Fragrant Quote for August 17th, 2012-Notes from nature's garden By Frances Anne Bardswell

Credit for Image of Poplar Tree


The Black Poplar, Populus nigra, is among our greatest favourites, always one of the first in leaf and never more enjoyable than in early spring, when the opening leaf-buds of a vivid olive-green colour contrast strikingly with the dark tint of the bark, and give out a powerful and delicious scent. The whole neighbourhood of the trees is pervaded by fragrance that reminds everybody of something different, so it must be a very compound smell. To one it recalls incense, another is reminded of the West Indian Islands, and a third of the delicious aromatic smell of a chemist's shop, so far more refreshing than that of a perfumer's. Later on, the perfume is far less marked, but comes back in whiffs when the sun shines again after a shower of rain.
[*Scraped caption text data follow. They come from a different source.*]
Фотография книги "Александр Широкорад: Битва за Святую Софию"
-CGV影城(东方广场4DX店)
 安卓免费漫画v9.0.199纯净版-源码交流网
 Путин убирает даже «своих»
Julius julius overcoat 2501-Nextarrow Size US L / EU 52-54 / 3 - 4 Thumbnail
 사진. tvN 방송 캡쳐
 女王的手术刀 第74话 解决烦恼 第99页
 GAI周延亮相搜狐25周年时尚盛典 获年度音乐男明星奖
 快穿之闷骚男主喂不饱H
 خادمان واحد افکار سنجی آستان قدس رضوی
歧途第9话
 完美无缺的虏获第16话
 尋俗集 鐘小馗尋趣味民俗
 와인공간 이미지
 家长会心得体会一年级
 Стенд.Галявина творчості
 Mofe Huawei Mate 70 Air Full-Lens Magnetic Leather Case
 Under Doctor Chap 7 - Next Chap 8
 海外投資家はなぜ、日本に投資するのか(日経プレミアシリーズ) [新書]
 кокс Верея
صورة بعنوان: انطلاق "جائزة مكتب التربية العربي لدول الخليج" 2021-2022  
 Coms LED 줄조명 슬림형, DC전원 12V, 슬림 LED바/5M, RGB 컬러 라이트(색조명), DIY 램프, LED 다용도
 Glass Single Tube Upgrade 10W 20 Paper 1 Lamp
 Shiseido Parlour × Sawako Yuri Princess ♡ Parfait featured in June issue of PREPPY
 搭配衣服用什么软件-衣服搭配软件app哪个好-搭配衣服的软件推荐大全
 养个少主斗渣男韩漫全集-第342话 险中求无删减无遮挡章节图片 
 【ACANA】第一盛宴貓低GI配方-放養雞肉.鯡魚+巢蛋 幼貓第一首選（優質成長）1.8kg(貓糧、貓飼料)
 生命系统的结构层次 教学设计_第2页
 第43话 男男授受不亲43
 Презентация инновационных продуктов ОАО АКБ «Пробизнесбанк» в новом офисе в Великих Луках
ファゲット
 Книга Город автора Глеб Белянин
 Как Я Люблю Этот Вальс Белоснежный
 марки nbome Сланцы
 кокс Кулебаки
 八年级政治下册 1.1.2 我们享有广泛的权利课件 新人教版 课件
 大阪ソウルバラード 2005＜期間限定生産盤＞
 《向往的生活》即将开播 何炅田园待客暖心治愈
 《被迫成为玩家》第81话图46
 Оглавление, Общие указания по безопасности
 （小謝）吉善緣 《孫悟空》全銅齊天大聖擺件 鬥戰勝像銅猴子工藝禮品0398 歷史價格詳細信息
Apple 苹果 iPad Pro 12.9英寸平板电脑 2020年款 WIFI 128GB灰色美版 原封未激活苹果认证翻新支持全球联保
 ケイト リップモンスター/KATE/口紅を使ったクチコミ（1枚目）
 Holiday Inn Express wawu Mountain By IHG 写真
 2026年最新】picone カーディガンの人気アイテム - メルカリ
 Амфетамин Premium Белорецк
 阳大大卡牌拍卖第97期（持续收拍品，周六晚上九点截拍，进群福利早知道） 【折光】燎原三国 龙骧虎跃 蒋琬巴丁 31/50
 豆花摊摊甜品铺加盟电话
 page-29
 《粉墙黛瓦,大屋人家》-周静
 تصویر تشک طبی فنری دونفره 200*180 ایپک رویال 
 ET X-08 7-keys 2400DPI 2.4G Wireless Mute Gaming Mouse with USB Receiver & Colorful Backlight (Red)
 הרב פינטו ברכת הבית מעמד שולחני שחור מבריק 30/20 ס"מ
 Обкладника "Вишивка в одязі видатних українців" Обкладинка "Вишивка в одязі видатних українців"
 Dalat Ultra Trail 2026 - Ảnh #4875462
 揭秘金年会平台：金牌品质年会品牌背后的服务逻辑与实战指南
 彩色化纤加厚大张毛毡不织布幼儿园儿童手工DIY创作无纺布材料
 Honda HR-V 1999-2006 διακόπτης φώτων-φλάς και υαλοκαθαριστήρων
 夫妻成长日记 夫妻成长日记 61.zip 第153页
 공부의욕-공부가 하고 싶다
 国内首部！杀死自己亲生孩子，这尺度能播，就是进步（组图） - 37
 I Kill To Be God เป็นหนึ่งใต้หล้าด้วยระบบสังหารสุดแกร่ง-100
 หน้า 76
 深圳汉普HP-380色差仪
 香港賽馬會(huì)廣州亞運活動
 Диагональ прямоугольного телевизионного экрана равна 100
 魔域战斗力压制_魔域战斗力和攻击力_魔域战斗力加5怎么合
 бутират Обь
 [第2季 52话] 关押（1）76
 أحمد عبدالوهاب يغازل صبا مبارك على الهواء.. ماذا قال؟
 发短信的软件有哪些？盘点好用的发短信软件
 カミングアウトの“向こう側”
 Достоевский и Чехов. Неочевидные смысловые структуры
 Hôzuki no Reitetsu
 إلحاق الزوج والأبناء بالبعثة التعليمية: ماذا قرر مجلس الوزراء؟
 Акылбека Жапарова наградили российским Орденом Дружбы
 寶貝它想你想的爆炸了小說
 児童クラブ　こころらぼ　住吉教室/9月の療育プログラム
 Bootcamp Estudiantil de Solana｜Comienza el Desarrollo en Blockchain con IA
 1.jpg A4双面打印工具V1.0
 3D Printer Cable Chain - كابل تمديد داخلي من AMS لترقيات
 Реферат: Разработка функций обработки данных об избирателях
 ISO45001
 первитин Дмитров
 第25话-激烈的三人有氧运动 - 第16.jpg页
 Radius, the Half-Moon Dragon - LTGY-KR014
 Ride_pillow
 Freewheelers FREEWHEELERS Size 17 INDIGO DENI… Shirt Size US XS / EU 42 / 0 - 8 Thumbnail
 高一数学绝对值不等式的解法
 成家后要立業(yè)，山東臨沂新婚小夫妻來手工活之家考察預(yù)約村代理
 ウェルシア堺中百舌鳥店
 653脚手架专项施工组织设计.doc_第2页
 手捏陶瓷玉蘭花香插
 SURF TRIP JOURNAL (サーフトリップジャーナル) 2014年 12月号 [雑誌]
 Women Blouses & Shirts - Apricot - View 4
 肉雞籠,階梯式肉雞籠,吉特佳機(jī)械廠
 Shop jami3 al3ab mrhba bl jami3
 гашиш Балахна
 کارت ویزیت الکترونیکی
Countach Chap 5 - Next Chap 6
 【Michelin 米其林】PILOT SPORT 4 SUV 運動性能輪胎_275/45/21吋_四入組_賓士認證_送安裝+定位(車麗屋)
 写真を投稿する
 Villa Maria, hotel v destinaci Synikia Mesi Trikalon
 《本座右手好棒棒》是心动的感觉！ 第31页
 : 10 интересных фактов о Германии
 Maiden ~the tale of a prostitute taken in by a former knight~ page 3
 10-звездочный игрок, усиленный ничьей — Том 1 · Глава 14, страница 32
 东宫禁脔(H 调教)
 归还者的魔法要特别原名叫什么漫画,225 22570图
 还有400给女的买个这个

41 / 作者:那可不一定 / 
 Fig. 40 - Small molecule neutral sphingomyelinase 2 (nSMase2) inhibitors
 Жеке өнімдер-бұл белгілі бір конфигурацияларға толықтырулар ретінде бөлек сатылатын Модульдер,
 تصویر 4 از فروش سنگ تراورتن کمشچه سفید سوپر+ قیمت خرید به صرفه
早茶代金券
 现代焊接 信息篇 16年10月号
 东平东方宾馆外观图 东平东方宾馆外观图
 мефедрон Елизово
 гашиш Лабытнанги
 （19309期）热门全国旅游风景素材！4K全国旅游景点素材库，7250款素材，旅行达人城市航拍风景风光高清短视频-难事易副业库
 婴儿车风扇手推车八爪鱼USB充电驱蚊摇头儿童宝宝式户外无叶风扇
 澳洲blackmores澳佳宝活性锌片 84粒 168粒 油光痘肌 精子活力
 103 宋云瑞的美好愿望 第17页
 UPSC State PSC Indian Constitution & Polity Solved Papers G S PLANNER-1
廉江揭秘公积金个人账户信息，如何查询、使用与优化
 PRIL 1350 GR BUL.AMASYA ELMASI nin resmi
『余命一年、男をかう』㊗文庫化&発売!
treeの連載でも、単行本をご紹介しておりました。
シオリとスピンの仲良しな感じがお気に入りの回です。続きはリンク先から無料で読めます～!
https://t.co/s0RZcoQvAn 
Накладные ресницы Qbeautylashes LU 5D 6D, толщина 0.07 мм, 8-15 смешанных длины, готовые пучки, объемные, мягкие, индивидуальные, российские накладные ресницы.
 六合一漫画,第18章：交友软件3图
In a wind-storm, when in full leaf, these trees behave beautifully; they bend and toss and throw up their arms wildly, straining at the roots; but they keep their feet in spite of all the wind can do, and are none the worse for the tussle afterwards. We indulge in one short poem about the Poplar tree, for it is well deserved. It is by Margaret Campbell.

Oh the Poplar is a lady gay and fair
Who will find some quiet pleasure anywhere,
In soft chapter to the birds,
And her leaves like whispered words
Carry far her gentle speech upon the air.

Pass her early when the day is but begun
Shy, swift smiles are hers to greet the morning sun;
You may note them as you pass,
For the shadow on the grass
Dances daintily and catches every one.

Silver green her leaves are cool the summer long
As they twirl and pat and flutter small and strong;
But for Autumn rich and bold,
She will turn them all to gold
And they float like notes of music to his song.